Обычные самолеты по многим показателям уступали истребителям. Надо было иметь незаурядное мастерство и обладать определенной долей удачи, чтобы успешно противостоять истребителю. Мы страшно радовались. Мой наблюдатель от восторга прыгал на своем сиденье и обнимал меня за шею до тех пор, пока я не сказал, что вынужден буду его высадить. Само собой разумеется, самолет получил множество пробоин, и я не знал, что именно повреждено – распорка или же крепежная стойка крыла. Существовала определенная угроза того, что от все возраставшей нагрузки на крыло самолет может просто развалиться в воздухе. Конечно, в то время в нашем распоряжении уже были парашюты, но мы им не очень доверяли и предпочитали оставлять их на аэродроме.
Когда показался наш аэродром, я приказал своему наблюдателю пристегнуть ремень безопасности на случай аварийной посадки, поскольку распорки шасси могут быть повреждены. Посадка прошла успешно, и мы были радостно встречены всей эскадрильей. Мой наблюдатель сказал, что мы сбили четыре вражеских самолета. Они подняли нас на руки и так пронесли через всю деревню прямо к командиру эскадрильи, сообщив ему все новости. Мы были немедленно отправлены на машине к линии фронта, потому что для подтверждения того, что вражеский самолет был сбит, требовались свидетельства по крайней мере трех очевидцев. Мой наблюдатель, который имел чин лейтенанта, получил подтверждение у артиллерийских офицеров. В то время я был еще простым вольноопределяющимся и поэтому обратился к рядовым, из которых с охотой подписалось даже большее число людей, чем мне требовалось. Все они удивлялись тому, что я очень молод, и по этой причине поздравляли меня с еще большим воодушевлением.

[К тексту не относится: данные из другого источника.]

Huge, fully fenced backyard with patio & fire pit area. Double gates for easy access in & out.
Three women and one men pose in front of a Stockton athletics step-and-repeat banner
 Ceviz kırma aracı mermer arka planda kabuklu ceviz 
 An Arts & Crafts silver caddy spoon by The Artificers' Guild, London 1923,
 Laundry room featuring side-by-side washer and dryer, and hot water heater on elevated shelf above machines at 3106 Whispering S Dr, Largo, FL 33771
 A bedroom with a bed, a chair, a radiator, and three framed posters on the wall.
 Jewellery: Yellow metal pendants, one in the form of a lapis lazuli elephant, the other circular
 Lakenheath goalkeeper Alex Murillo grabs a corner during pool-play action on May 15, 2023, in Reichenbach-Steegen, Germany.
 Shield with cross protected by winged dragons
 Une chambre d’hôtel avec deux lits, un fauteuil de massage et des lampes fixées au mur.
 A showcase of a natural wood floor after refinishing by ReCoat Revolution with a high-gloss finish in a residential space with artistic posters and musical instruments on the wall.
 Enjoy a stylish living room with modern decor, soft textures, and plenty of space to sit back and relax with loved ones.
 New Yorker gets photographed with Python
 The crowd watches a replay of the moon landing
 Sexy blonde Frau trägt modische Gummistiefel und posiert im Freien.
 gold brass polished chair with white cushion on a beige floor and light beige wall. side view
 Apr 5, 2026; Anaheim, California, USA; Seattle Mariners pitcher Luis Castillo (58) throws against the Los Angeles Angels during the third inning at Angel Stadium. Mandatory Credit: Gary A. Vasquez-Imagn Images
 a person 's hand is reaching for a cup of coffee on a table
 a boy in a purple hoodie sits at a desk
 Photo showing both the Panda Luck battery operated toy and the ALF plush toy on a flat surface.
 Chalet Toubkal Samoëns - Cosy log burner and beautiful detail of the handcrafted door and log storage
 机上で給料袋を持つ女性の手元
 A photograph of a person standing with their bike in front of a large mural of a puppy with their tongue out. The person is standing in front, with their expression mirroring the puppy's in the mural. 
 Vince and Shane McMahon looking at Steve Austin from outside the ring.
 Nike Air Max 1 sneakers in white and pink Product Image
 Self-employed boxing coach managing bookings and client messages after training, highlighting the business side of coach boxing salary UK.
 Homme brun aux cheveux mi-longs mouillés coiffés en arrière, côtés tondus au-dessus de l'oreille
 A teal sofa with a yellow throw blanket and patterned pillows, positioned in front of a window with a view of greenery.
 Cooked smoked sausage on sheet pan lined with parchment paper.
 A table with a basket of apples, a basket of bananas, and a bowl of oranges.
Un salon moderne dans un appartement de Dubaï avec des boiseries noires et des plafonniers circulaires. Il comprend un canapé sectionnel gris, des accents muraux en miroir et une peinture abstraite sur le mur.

По вечерам мы совершали вылеты с целью засечь вспышки артиллерийских залпов и по ним точно определить местоположение артиллерийских батарей противника. Во время одного из таких вылетов я заметил громадный биплан, летевший примерно на высоте 400 метров со стороны занятой французами территории по направлению к нашим позициям. Я обратил внимание моего наблюдателя на эту «птичку» и спросил, будем ли мы ее атаковать. Хенгль ответил согласием, я поднырнул к самолету и открыл огонь с близкого расстояния. Поскольку уже было достаточно темно, опознавательные знаки были не очень четко различимы. Летчик отвернул прочь, когда заметил, что я его атакую. Благодаря этому маневру я оказался всего в нескольких метрах от самолета, и мне показалось, что я разглядел у него на хвосте наш черно-белый германский крест. Это обстоятельство испугало меня до смерти. Судя по линии трассирующего огня, я знал, что наверняка попал в самолет в том месте, где должен был находиться экипаж. Мой наблюдатель изготовился у своего пулемета и уже собирался прикончить нашего противника, но тут я отвернул в сторону. Чтобы предотвратить дальнейшую стрельбу, я резко набрал высоту, и он уперся коленками в подбородок и больше не мог стрелять. После приземления я рассказал ему о том, что видел, и спросил: «Что нам теперь делать? Я не могу поверить в то, что мы сбили один из наших самолетов! И почему это случилось именно со мной!» Он сказал, что мы должны помалкивать об этом происшествии, так как все равно теперь уже ничего нельзя исправить.